# WHAT YOU HAVE TO DO
A complete answer includes every line below with the word "Yellow".
[[ DATASET EXCERPTS, beginning ]]
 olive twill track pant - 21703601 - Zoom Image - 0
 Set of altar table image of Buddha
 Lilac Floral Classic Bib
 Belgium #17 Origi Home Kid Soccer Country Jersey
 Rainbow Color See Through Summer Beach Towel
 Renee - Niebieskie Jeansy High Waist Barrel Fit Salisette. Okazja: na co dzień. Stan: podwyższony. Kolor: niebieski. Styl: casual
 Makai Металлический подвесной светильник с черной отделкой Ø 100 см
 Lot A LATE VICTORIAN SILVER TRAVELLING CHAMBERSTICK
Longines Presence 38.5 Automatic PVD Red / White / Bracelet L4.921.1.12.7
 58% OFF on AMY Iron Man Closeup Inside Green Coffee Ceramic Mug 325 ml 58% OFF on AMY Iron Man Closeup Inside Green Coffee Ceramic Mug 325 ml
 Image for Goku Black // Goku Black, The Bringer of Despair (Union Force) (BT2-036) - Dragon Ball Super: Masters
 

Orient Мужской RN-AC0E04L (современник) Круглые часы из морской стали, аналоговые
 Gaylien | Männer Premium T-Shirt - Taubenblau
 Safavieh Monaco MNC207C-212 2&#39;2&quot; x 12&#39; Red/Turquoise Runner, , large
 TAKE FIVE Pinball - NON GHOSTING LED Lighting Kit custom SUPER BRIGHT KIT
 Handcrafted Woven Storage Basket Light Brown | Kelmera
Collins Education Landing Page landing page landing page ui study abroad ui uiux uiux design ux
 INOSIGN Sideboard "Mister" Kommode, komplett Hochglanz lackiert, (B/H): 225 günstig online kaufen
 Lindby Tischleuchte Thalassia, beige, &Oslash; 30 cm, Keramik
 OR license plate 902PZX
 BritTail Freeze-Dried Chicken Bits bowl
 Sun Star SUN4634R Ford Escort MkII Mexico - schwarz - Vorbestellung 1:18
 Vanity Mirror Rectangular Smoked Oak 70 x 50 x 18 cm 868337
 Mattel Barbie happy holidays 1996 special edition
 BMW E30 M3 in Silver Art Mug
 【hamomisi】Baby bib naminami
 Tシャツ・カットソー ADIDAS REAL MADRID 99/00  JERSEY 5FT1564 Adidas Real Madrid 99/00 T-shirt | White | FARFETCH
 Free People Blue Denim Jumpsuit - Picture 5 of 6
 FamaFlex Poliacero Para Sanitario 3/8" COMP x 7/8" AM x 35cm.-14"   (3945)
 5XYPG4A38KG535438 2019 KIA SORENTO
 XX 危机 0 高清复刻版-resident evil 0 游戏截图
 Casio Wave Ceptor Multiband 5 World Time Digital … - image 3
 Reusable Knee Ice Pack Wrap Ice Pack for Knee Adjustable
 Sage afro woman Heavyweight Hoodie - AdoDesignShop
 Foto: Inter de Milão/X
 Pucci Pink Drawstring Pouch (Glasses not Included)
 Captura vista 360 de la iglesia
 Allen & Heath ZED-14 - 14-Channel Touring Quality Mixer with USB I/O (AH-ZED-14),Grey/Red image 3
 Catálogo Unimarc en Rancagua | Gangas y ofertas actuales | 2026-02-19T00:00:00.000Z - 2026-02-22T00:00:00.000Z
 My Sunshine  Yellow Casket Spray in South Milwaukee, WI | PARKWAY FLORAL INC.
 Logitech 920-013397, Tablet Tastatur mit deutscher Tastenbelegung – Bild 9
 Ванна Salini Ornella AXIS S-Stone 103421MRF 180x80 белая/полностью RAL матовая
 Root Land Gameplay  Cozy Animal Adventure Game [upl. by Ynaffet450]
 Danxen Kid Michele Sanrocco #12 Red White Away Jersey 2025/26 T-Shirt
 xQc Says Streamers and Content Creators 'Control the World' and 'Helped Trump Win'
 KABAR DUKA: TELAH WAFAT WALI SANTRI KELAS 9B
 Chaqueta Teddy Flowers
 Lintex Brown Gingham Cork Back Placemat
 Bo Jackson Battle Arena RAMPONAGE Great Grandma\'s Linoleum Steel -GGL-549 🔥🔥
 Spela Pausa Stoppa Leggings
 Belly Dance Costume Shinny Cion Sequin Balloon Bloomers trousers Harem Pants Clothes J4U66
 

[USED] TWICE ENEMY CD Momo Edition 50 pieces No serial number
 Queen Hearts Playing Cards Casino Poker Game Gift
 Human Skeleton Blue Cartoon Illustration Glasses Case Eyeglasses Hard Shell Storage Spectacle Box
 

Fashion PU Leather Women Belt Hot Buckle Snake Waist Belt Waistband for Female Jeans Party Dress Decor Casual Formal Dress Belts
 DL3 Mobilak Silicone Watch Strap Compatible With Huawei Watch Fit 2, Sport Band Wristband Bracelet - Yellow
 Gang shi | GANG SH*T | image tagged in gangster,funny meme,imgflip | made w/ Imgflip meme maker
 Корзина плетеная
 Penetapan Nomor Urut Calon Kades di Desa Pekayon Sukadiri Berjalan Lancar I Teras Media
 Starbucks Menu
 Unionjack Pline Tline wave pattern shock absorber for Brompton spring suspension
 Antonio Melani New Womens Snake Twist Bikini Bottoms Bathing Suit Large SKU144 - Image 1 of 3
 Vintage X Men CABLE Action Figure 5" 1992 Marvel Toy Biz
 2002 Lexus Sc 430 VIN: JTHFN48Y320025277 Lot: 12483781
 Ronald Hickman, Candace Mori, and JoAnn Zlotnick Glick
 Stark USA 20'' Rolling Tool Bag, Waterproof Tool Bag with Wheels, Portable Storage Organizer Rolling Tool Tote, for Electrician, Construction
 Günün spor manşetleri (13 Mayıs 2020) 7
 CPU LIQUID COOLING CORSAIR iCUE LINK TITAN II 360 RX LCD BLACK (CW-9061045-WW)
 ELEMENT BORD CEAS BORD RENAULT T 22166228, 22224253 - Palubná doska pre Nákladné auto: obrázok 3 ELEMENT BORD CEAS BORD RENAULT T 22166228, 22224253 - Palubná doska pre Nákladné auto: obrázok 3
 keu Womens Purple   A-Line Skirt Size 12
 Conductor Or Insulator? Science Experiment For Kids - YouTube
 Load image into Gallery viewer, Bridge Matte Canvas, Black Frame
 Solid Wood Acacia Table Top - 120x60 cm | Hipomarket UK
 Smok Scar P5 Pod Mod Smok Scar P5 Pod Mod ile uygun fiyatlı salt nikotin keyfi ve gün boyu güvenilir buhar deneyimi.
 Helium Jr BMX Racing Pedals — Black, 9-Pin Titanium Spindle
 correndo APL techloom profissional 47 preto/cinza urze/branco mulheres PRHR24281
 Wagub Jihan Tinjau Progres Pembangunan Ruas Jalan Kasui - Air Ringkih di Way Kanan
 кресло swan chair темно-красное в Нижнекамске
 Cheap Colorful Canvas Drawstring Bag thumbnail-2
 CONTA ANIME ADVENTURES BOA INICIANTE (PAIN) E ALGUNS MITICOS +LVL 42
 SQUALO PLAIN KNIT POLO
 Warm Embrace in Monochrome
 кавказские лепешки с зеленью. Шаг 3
[[ DATASET EXCERPTS, end ]]
# YOUR SOLUTION
 My Sunshine  Yellow Casket Spray in South Milwaukee, WI | PARKWAY FLORAL INC.
 DL3 Mobilak Silicone Watch Strap Compatible With Huawei Watch Fit 2, Sport Band Wristband Bracelet - Yellow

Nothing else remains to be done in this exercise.